Should a line in the entries below contain "begin", return that line.

--- SOURCE MATERIAL ---

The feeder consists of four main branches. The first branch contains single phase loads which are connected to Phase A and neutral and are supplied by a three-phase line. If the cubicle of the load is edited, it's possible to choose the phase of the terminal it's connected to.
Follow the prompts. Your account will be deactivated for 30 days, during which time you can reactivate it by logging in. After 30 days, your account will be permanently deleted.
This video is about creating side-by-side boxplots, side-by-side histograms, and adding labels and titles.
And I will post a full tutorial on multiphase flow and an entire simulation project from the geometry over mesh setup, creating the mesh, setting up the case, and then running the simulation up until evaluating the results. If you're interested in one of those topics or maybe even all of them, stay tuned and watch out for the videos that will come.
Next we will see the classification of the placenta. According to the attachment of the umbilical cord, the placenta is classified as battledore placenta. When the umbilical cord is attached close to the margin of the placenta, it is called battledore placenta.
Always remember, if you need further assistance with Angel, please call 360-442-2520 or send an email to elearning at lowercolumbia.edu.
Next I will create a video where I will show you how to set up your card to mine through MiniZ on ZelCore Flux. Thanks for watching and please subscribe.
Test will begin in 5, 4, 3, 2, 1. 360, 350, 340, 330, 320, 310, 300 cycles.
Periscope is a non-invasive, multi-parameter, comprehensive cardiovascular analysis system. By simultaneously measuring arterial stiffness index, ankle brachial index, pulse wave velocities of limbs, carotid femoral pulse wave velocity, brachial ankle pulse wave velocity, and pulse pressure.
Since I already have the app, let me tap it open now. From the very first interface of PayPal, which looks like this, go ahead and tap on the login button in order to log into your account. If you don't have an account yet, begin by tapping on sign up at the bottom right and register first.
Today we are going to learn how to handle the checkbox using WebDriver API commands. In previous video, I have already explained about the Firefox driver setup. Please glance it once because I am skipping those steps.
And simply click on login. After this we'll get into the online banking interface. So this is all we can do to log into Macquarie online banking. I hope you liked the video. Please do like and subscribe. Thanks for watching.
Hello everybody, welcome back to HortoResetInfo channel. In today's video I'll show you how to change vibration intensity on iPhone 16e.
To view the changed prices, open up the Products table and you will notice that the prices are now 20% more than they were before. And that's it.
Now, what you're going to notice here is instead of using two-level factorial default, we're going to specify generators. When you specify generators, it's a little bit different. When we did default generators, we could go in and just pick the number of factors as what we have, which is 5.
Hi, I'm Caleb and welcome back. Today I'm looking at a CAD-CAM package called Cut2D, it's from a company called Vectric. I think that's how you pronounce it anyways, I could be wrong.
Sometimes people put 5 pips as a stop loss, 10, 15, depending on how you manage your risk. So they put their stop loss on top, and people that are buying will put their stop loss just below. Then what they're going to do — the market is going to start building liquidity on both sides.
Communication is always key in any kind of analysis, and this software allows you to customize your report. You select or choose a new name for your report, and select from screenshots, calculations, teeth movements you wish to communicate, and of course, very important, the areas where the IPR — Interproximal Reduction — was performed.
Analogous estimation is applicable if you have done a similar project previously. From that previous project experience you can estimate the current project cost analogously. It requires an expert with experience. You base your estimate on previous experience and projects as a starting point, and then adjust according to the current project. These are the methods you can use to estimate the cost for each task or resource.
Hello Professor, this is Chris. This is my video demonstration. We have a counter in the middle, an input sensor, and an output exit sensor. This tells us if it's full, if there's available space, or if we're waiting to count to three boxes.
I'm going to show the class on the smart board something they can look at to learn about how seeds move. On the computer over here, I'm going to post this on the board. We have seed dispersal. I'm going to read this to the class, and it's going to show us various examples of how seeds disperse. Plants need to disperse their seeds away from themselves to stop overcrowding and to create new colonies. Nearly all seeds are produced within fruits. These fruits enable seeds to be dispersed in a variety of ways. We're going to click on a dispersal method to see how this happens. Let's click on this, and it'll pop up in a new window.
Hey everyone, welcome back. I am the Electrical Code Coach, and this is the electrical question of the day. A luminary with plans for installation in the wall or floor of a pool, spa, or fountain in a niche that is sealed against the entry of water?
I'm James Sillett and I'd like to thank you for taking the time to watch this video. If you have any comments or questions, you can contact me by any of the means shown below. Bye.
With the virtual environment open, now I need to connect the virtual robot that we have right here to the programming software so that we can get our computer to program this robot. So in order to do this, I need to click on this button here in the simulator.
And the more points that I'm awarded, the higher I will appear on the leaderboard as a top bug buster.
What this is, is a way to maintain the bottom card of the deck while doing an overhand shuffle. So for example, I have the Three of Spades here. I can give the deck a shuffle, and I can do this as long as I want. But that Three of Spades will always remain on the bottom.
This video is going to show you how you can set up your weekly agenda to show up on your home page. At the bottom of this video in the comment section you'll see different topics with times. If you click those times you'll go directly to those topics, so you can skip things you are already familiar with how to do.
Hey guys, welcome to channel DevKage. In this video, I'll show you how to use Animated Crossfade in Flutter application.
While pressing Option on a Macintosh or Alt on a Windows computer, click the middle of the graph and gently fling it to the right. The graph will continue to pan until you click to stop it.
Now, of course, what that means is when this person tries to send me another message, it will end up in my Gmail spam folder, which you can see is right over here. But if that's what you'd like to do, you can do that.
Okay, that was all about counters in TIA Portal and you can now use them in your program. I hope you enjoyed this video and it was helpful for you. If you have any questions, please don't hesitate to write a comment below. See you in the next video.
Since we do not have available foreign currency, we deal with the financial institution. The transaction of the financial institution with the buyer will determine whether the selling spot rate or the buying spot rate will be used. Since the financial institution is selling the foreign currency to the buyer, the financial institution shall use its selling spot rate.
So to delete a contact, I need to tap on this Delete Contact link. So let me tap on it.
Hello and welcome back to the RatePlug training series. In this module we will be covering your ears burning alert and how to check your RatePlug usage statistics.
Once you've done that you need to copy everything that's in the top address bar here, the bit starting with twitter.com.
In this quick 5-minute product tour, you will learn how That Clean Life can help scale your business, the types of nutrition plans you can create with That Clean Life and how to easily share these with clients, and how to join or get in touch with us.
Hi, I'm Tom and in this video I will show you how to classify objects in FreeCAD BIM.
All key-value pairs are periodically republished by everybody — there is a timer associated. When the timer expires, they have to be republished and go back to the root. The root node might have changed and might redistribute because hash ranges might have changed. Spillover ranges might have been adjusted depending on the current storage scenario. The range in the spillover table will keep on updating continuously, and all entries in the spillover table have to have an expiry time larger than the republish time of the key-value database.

---

▶ _RESPONSE FOR THIS EXERCISE_:
Test will begin in 5, 4, 3, 2, 1. 360, 350, 340, 330, 320, 310, 300 cycles.
Since I already have the app, let me tap it open now. From the very first interface of PayPal, which looks like this, go ahead and tap on the login button in order to log into your account. If you don't have an account yet, begin by tapping on sign up at the bottom right and register first.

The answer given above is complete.